I think in the majority of cases this might turn out to happen.

pjmlp
I hope that Rust succeeds in the mainstream.

If anything, please take my point of view of someone that cannot ever use Rust until the customers say I am allowed to.

On my type of work we only use first class languages, those that are provided as part of whatever platform we are targeting.

This is my point of view of "worse is better".

Many might have rejected C++ or C (e.g. I don't like C at all), but many more are on the same boat as I.

For us system programming means C++ and C, until the IT department or customer allows anything else on our dev machines.

steveklabnik
Absolutely. This is part of why I think "Will C or C++ die" is a silly question. We're in total agreement here.
jbandela1
I agree. We are not starting out with a blank slate. There are already billions of lines of C++ in mission-critical production use. Companies such a Microsoft, Apple, Google, and Facebook run on C++. In addition, it has vendor support on all the major operating systems. In contrast, not even Mozilla, has bet the company on Rust (Servo is experimental and Mozilla has made no promises of actually integrating it into Firefox.) Also, Rust is not vendor supported on any platform.

So if you are a CTO or someone who has the responsibility of deciding what language to use for your performance critical software, you already have a large bias toward C++. You may be swayed toward Rust by the fact that Rust is memory safe. However, when someone comes and tells you that with this open source tool for C++ backed by the big names in C++, and developed and supported by Microsoft, and just by using the GSL types you can get most of the benefit of Rust, you will decide that the delta of improvement of Rust over C++ is not worth it.
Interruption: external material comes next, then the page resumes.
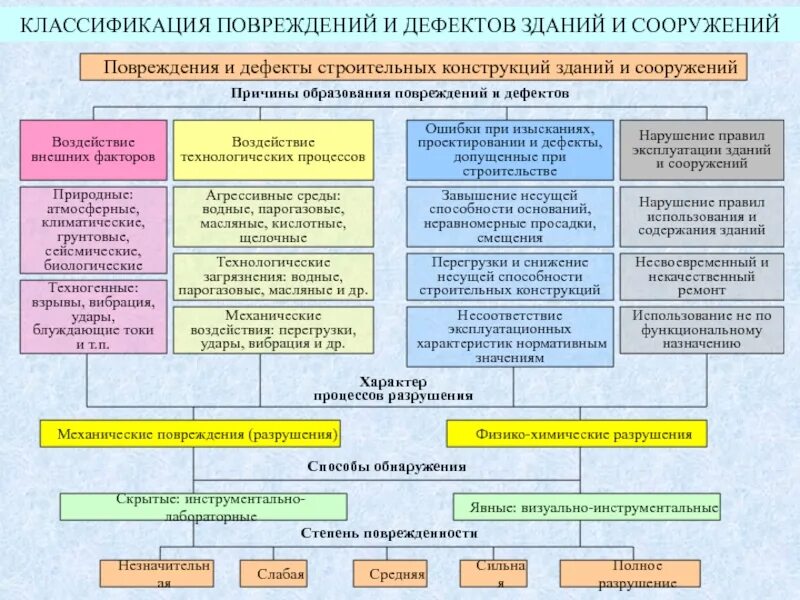 Классификация повреждений и дефектов зданий и сооружений. Классификация дефектов и повреждений строительных конструкций. Классификация повреждений строительных конструкций. Причины возникновения дефектов конструкций.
TLDR: In programming language use pragmatic considerations trump purity. Multibillion dollar companies run on C++. With GSL and static analysis, C++ is "good enough".

tatterdemalion
I agree that this might be a reason that people delay adoption, but I think things will change when the people who adopt Rust do better than the people who don't. This is similar to how things changed when people who adopted scripting languages for their web apps did better than people who didn't.
Manishearth
> Mozilla has made no promises of actually integrating it into Firefox.

Rust is already being integrated into Firefox

jguegant
I am genuinely interested in this. Do you have any good reference about it?
Manishearth
https://bugzilla.mozilla.org/show_bug.cgi?id=1135640,

https://bugzilla.mozilla.org/show_bug.cgi?id=1151899

https://bugzilla.mozilla.org/show_bug.cgi?id=1161350

Still a work in progress.

pcwalton
That is very '90s, pre-programming-language-Renaissance thinking. If that thinking actually dominated, then you would never have seen the rise of Python, Ruby, Go, Node, Perl, PHP, Scala, Clojure, and so forth during the 2000s and 2010s. During the '90s, people predicted that Java would be the last programming language that anyone would ever use, using the same kinds of reasoning. That turned out to be false.
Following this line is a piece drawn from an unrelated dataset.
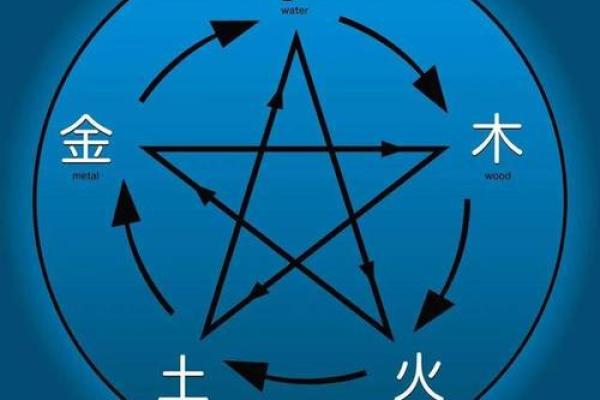 八字五行金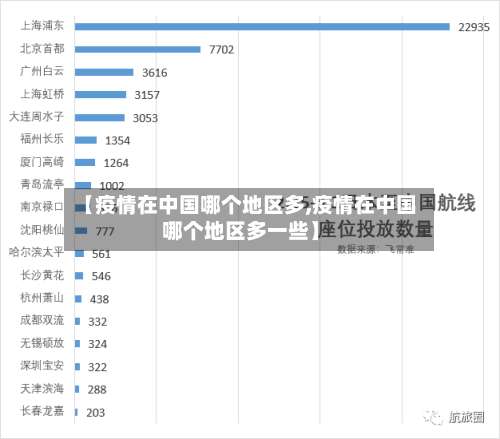 【疫情在中国哪个地区多,疫情在中国哪个地区多一些】-第1张图片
> You may be swayed toward Rust by the fact that Rust is memory safe. However, when someone comes and tells you that with this open source tool for C++ backed by the big names in C++, and developed and supported by Microsoft, and just by using the GSL types you can get most of the benefit of Rust, you will decide that the delta of improvement of Rust over C++ is not worth it.
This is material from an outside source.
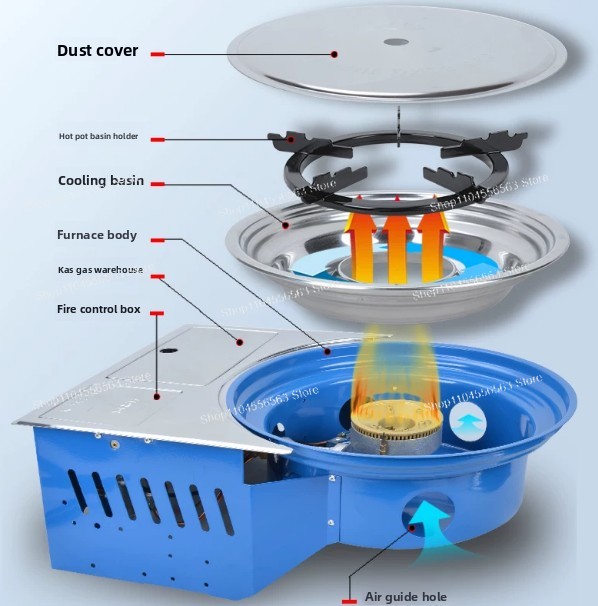 Portable Gas Stove with Canist - Camping Cooking Gas Canister 评论和价格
Replace "Rust" with "Ruby on Rails", "C++" with "Java", and "GSL types" with "Spring", and you could make the same statement in 2005. It might even sound plausible. It would also be an incredibly wrong prediction.

> There are already billions of lines of C++ in mission-critical production use.

How many lines of memory-safe C++ are there in production use? The amount of memory-safe Rust code far exceeds that.

Ergonomics and the ecosystem matter. The fact is that the proposed static analysis tool for C++ is very restrictive and complex, from everything I've seen so far, and coupled with the annotation burden equal to that of Rust effectively makes it into a completely different language.

Sep 28, 2015 · 4 points, 0 comments · submitted by jguegant
We should be seeing completely safe C++ code soon.

Take a look at Herb Sutter's CppCon talk this year:

https://www.youtube.com/watch?v=hEx5DNLWGgA

Reinventing the wheel isn't entirely necessary. Though if you're a SysAdmin and you write your codebase in Rust.. that's some nice job security. ;)

gmjosack
I'd already looked through the slides for that talk but I'll check out the video. Thanks!

I think C++ has a lot of awesome stuff coming out but I find Rust more pleasant to code in. Also having package/dependency management has been great compared to using the old versions of libraries that come with distros or tracking down all the transitive dependencies of software. Rust is just a more delightful experience out of the box.

> Though if you're a SysAdmin and you write your codebase in Rust.. that's some nice job security. ;)

I definitely understand this but I don't think it's true and will be less and less true over time. It is becoming very common in the SRE/SysAdmin industry that strong coding skills is a requirement. When I started 10 years ago that was very different but it's becoming harder and harder to find jobs as a Linux grunt. The SREs I work with care about software engineering best practices, code review, testing, continuous integration, etc.

Also, even if that were true, I'd much rather have people with a weaker understanding contribute to Rust where the compiler has your back. If you haven't used Rust you might be surprised how good the error messages are. Once you spend a bit of time understanding the basics the compiler is super helpful.

yokohummer7
Like I said somewhere, a safe subset of C++ sounds wonderful at first, but it also has demerits:

- If you enforce memory safety to all of your code, the number of the libraries that you can use will be severely limited. Imagine if you can only use C++14 libraries. How many C++14 libraries are out there? And I'm not sure if there will be many libraries written in safe C++, at least for the next few years. The adoption rate for newer C++ standards (C++11, C++14) was generally not satisfactory.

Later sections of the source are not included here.